Now, if I write the exponential series, and using that two power series must have the same coefficients i arrive at my problem. I thought a bit about it and since I can neither figure it out nor know exactly how to look for it I decided to ask it here. Maybe it is a stupid doubt and I am forgeting something. Either way, I would apreciate some help. Thanks.

2. Jun 26, 2013

### Office_Shredder

Staff Emeritus
They would have the same coefficients if that equation was true for every value of x. But it's only true for one value of x, so the coefficients can go crazy. As a stupid example, if you solve sin(x) = 0 you wouldn't expect the coefficients on both sides to be the same

3. Jun 26, 2013

### Staff: Mentor

Office_Shredder makes a good point about the difference between an equation that is true only for specific values (a conditional equation) and one that is true for all values of the variable (an identity).

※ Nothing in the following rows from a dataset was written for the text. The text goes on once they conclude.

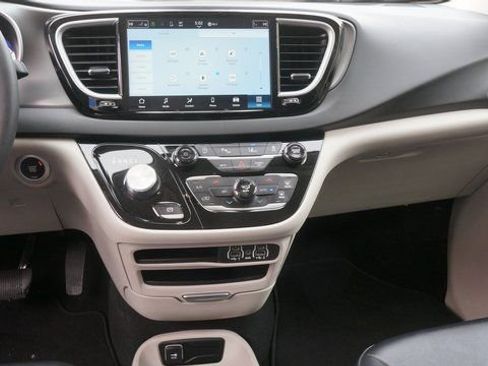 Used 2024 Chrysler Pacifica Touring-L image 33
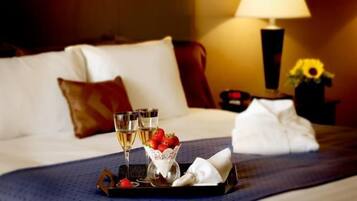 Standard Room | Desk, blackout drapes, iron/ironing board, free WiFi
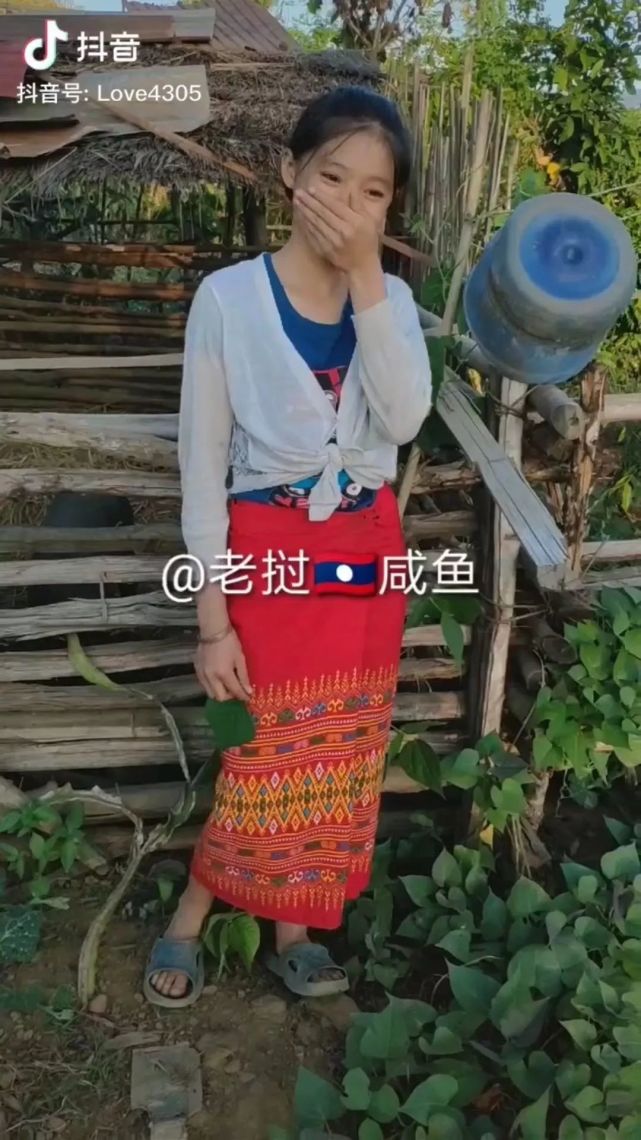 虽然因家境关系,她没什么华服,脚上还穿着脏脏的拖鞋,来自于老挝.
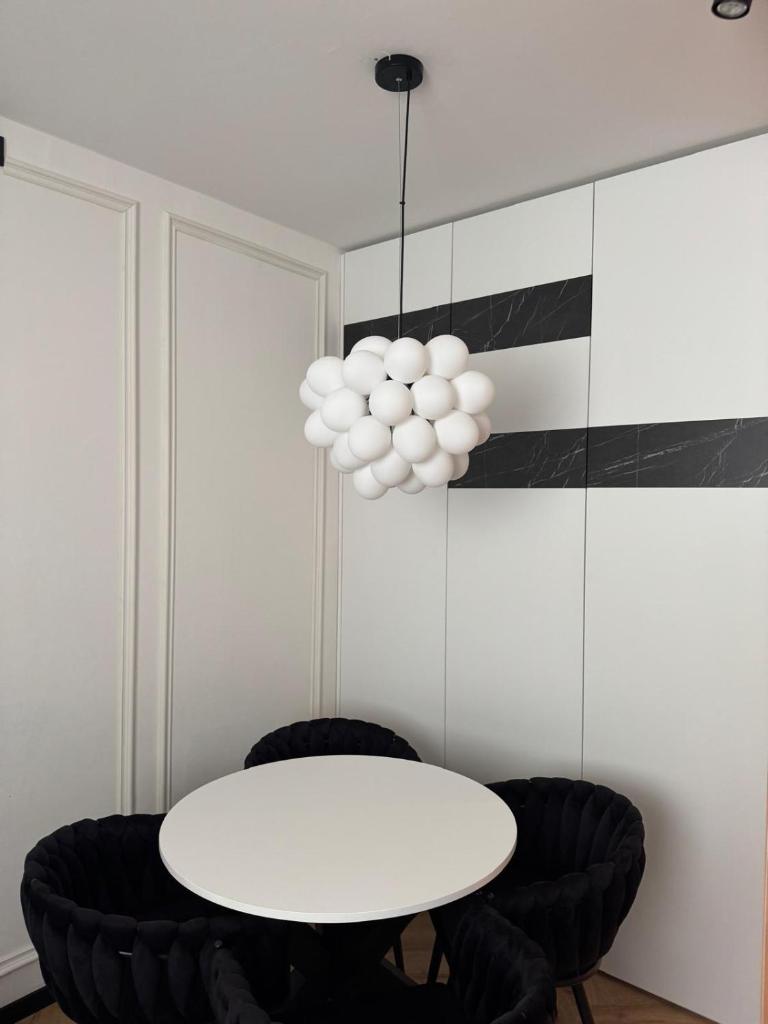 Modern Luxury Apartment 1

When you solve a quadratic equation such as x2 - 4x = -3 you are solving for the two values of x that make the equation a true statement.

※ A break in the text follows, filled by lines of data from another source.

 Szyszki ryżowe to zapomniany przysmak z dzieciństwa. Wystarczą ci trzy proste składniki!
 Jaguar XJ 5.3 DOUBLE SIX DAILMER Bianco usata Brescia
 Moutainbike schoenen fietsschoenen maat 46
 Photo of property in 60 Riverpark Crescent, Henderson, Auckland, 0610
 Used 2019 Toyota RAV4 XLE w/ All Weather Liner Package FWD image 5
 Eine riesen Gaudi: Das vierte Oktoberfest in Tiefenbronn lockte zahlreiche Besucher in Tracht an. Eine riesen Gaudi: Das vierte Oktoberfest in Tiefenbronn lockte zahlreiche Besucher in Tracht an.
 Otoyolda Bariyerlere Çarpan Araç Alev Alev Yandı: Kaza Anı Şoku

OTOH, when you do partial fraction decomposition to turn 1/(x2 - 4) into the sum of two rational expressions of the form A/(x - 2) + B/(x + 2), you are finding the values of the constants A and B so that the equation 1/(x2 - 4) = A/(x - 2) + B/(x + 2) is true for all values of x (excepting, of course, 2 and -2).

The equation you started with, $\frac{xe^{x}}{e^{x}-1}=5$, is not identically true, so equating ex with a geometric series as you did is invalid.

4. Jun 27, 2013

### JJacquelin

Hi !
the method proposed by assed is not stupid at all if we consider the problem on the practical viewpoint (i.e. approximate numerical method, but not exact analytical method)
But, as shown in attachment, it will require a very large limited expansion of the function to be accurate enough : That is the drawback.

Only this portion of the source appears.